►
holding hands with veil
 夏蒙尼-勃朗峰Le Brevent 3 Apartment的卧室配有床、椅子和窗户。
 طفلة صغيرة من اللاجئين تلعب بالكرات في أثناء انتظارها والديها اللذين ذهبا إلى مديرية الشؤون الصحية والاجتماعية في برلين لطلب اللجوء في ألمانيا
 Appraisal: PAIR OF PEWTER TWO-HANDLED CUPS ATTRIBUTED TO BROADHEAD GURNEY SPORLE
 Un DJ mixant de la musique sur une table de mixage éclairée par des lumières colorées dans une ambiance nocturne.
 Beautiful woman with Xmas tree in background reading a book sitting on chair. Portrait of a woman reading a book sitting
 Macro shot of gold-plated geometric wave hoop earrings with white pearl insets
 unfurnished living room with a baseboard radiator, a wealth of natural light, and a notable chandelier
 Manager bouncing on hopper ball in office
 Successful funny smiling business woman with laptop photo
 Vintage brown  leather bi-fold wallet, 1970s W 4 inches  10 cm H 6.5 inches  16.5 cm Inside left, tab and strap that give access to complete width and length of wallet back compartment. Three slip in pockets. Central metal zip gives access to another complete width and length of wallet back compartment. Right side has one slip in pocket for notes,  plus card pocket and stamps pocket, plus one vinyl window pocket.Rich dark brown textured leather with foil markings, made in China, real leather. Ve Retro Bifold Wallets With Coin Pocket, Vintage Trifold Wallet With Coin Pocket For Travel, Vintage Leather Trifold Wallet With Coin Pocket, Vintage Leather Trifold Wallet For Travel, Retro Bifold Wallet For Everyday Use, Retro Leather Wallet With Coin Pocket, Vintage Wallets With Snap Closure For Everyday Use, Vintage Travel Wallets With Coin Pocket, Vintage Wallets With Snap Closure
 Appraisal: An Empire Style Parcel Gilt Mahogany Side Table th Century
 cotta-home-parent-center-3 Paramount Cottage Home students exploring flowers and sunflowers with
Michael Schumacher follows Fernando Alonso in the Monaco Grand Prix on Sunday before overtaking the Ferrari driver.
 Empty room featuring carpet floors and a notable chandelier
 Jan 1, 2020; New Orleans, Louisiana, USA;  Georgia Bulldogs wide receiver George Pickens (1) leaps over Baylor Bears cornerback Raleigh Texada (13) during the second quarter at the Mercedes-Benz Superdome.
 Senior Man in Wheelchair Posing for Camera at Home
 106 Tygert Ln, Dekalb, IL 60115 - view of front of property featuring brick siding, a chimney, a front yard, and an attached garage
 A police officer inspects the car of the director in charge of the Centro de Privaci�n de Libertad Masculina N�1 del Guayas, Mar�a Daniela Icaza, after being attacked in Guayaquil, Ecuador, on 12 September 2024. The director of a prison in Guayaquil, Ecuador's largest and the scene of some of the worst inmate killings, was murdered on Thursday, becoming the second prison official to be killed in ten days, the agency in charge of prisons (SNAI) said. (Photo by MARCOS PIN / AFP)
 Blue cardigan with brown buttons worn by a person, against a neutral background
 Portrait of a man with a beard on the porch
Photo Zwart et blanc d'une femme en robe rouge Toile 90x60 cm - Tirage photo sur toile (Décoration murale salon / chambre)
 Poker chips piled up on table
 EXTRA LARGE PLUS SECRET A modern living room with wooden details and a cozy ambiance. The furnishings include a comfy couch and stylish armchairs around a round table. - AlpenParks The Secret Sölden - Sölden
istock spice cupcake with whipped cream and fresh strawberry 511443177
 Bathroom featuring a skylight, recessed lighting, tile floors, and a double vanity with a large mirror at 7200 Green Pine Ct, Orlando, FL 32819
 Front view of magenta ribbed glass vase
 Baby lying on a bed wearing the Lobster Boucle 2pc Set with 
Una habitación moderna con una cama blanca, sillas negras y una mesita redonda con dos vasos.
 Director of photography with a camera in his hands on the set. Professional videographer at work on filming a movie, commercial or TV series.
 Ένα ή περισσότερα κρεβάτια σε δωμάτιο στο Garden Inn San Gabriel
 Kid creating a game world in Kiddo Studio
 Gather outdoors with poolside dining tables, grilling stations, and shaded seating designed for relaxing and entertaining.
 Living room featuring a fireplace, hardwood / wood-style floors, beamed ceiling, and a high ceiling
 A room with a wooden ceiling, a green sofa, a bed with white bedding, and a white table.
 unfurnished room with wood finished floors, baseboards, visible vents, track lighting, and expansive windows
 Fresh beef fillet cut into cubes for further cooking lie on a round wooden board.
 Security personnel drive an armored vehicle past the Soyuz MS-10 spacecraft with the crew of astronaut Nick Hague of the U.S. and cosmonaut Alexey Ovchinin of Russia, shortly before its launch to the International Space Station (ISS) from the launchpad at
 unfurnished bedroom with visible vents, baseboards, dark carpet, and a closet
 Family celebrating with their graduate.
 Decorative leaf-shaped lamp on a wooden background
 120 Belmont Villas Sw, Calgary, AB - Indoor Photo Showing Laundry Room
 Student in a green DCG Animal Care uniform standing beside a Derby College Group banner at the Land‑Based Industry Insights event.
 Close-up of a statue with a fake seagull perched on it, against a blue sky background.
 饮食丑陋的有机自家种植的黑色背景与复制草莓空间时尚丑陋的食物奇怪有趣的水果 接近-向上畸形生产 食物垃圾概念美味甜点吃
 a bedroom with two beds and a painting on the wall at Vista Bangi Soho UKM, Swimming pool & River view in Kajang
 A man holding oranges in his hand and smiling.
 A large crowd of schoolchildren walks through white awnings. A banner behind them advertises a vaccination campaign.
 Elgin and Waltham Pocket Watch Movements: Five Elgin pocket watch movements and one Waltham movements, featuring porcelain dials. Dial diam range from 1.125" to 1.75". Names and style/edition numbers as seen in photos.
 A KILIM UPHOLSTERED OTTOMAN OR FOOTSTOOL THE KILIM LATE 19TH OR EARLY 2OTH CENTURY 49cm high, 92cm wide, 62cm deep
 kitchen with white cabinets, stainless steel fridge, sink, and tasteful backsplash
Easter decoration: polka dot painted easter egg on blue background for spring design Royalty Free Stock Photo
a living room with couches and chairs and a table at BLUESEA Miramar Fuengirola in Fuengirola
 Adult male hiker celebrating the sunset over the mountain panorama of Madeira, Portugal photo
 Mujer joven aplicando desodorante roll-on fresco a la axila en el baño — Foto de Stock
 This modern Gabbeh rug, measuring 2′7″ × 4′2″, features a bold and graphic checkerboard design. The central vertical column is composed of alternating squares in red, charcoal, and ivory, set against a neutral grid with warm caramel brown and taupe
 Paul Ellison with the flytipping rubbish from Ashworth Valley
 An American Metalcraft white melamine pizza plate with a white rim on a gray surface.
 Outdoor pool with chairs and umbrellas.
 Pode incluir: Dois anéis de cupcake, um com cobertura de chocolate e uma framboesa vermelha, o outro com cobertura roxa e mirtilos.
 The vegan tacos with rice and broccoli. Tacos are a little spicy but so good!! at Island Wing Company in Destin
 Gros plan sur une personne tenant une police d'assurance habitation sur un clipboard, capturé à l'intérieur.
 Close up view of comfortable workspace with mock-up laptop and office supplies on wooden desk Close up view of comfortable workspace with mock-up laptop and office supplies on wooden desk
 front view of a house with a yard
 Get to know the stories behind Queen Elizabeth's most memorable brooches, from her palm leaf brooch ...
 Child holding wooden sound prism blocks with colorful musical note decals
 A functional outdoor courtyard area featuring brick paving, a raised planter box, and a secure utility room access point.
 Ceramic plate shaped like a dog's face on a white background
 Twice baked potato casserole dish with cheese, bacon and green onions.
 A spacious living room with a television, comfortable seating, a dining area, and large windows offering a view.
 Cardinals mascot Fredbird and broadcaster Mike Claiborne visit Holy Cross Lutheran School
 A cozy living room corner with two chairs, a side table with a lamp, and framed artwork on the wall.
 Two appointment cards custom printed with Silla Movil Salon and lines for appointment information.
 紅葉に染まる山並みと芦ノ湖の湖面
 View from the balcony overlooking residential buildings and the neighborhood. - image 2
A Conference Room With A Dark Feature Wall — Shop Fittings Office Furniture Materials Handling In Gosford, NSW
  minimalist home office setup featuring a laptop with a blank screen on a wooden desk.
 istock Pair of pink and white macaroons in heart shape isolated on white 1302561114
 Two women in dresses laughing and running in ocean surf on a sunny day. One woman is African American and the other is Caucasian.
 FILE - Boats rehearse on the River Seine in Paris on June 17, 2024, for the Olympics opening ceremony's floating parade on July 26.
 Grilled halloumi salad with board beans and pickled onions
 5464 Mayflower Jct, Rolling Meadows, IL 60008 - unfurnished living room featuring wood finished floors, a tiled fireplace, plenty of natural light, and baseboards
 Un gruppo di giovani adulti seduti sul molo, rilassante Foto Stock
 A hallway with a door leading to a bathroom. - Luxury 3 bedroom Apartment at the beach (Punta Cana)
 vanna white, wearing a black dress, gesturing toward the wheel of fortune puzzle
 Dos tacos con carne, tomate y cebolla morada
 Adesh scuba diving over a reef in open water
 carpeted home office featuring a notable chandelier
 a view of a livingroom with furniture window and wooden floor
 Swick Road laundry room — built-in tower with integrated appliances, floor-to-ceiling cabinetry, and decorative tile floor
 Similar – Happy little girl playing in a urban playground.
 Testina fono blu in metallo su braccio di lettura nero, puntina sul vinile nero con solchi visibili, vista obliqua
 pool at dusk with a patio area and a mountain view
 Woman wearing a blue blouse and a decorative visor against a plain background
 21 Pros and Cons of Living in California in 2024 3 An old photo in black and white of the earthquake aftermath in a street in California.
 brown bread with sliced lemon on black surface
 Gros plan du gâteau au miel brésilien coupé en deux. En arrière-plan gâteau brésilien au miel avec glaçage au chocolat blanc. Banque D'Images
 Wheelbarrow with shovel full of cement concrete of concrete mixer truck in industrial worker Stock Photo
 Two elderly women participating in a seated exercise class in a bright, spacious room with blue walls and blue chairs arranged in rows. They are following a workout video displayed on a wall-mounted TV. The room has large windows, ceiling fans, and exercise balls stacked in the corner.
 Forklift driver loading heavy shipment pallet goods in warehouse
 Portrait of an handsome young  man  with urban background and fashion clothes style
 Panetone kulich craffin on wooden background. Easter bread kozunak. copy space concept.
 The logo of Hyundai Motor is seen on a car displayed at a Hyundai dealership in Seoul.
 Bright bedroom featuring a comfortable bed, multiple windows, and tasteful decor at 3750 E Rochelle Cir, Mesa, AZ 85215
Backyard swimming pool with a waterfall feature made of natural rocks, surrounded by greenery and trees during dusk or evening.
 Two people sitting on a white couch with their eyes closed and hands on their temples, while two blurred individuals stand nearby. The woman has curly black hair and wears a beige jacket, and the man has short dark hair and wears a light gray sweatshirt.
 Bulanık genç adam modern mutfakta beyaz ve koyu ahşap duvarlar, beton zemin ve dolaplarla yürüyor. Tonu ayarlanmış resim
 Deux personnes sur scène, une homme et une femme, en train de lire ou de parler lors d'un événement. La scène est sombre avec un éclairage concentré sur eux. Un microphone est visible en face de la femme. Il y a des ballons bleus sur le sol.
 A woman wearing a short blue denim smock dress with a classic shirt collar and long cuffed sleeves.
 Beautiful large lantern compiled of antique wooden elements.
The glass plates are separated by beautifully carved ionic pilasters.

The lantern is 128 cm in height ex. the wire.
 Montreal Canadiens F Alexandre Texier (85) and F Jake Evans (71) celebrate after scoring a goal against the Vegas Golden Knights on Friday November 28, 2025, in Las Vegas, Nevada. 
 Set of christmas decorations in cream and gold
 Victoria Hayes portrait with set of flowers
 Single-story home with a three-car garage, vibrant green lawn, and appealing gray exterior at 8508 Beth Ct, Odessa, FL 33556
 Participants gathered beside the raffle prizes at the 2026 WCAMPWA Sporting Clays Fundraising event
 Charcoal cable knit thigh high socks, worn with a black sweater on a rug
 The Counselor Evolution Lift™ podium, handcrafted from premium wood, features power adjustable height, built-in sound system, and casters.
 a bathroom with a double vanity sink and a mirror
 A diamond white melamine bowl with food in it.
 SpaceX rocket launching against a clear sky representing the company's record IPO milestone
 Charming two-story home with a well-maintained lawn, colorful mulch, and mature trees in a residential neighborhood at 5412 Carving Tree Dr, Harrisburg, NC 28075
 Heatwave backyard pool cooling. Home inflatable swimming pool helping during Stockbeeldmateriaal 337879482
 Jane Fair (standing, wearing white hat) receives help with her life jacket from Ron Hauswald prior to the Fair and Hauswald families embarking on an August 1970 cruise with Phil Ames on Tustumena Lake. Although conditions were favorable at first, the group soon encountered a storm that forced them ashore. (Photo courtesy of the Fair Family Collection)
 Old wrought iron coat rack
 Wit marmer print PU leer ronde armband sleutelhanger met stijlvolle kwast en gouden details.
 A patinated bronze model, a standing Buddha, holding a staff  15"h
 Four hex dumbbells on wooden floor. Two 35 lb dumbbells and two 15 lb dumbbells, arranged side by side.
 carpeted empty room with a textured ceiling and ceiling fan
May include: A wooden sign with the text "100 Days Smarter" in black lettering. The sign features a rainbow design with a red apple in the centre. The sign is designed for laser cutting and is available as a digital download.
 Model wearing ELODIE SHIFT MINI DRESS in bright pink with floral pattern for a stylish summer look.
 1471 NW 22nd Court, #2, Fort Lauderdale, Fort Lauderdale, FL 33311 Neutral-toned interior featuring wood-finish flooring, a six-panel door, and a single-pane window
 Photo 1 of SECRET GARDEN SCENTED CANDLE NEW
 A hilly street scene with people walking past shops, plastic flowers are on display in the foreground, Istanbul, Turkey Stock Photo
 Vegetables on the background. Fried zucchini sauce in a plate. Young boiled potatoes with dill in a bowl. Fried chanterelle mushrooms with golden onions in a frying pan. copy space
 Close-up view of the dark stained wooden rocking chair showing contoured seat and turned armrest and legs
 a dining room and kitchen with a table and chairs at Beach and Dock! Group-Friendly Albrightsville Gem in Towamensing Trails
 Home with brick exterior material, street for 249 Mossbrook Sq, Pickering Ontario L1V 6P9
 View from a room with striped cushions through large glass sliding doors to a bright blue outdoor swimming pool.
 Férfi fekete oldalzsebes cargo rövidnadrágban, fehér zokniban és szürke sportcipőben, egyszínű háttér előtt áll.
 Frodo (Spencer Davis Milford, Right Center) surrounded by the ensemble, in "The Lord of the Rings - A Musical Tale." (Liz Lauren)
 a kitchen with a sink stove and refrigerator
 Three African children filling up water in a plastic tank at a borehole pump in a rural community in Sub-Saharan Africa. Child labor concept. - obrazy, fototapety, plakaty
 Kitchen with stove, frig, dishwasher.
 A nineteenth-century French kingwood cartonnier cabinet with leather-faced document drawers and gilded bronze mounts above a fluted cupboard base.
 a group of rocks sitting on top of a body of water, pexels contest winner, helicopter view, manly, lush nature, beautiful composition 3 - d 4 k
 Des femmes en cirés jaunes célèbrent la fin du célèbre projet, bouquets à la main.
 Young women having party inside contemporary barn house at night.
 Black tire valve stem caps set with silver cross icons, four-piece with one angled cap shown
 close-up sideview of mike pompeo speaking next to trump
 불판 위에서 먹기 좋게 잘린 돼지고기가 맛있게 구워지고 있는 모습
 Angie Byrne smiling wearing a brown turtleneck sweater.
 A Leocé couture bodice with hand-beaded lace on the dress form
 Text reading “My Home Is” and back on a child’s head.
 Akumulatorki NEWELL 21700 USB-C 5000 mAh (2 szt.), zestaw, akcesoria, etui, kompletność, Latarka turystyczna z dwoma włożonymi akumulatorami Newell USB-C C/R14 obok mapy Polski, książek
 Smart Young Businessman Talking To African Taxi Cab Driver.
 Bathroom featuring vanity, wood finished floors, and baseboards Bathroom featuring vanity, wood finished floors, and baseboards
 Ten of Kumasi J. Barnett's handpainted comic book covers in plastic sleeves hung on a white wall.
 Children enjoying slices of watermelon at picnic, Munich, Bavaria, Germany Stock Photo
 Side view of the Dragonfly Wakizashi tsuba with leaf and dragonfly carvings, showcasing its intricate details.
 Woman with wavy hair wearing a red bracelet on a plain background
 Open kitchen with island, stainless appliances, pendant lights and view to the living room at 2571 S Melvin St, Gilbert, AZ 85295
◄
What you need to do: Nothing beyond the lines from the start of the entries through the line with "Successful funny smiling" should appear. Repeat those lines exactly, both ends included.

Problem solution:
holding hands with veil
 夏蒙尼-勃朗峰Le Brevent 3 Apartment的卧室配有床、椅子和窗户。
 طفلة صغيرة من اللاجئين تلعب بالكرات في أثناء انتظارها والديها اللذين ذهبا إلى مديرية الشؤون الصحية والاجتماعية في برلين لطلب اللجوء في ألمانيا
 Appraisal: PAIR OF PEWTER TWO-HANDLED CUPS ATTRIBUTED TO BROADHEAD GURNEY SPORLE
 Un DJ mixant de la musique sur une table de mixage éclairée par des lumières colorées dans une ambiance nocturne.
 Beautiful woman with Xmas tree in background reading a book sitting on chair. Portrait of a woman reading a book sitting
 Macro shot of gold-plated geometric wave hoop earrings with white pearl insets
 unfurnished living room with a baseboard radiator, a wealth of natural light, and a notable chandelier
 Manager bouncing on hopper ball in office
 Successful funny smiling business woman with laptop photo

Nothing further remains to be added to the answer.